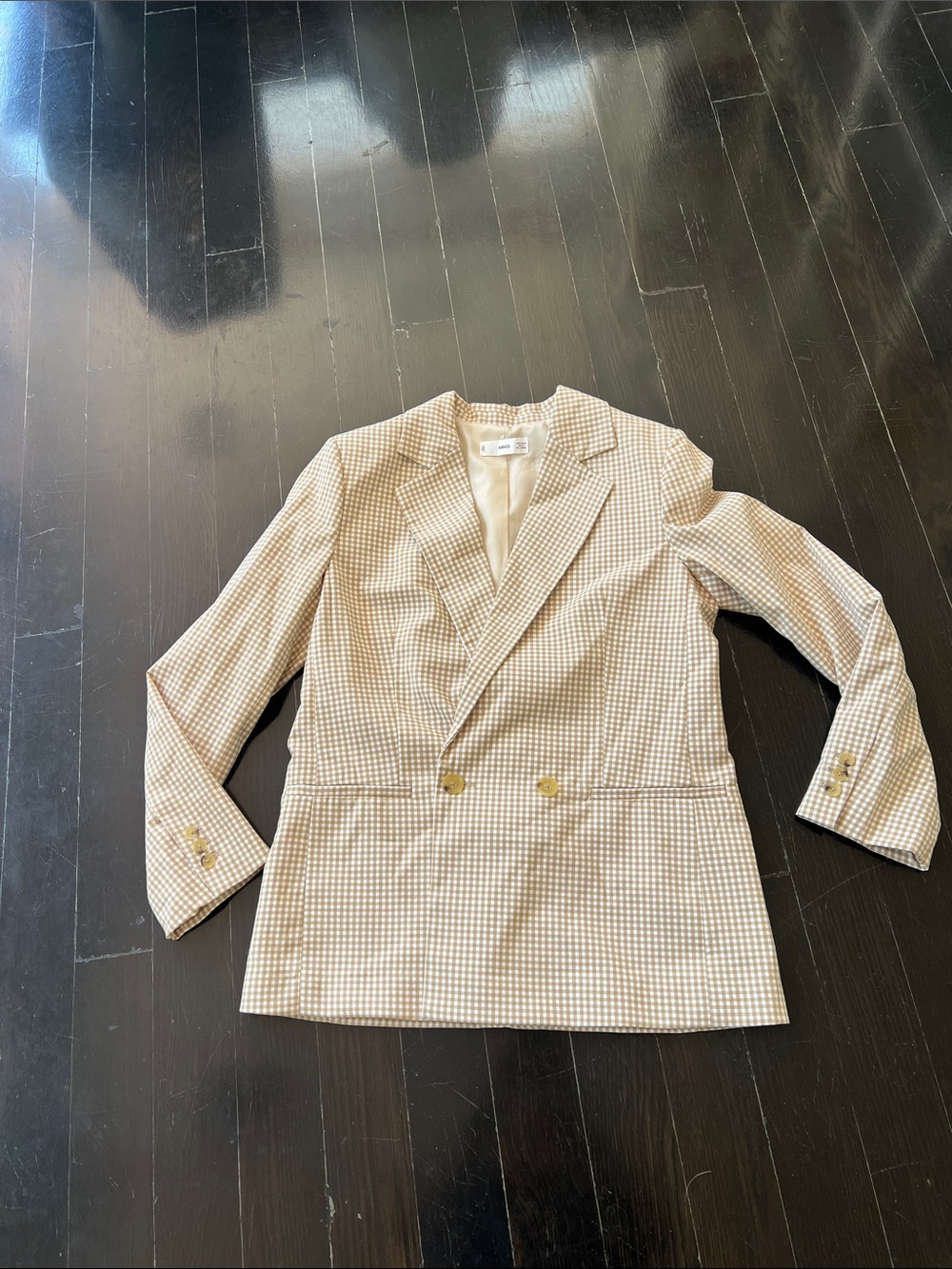 Mango Double-Breasted Beige Check Blazer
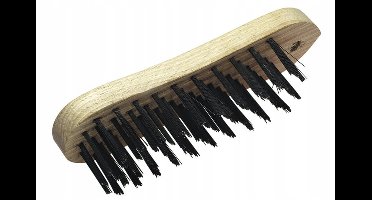 Wolfcraft Staal Draad Handborstel 5-Rijig Houten Handvat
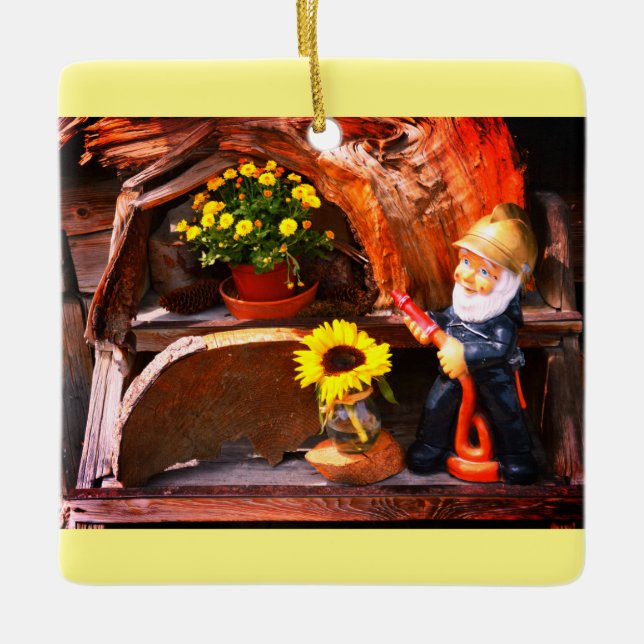 Fireman garden gnome ceramic ornament (Front)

_Task objective_
Copy out exactly the lines from the one with "Wolfcraft Staal Draad" through the end of the listing, both ends included, omitting any picture.

_Reply to the exercise_
 Wolfcraft Staal Draad Handborstel 5-Rijig Houten Handvat
 Fireman garden gnome ceramic ornament (Front)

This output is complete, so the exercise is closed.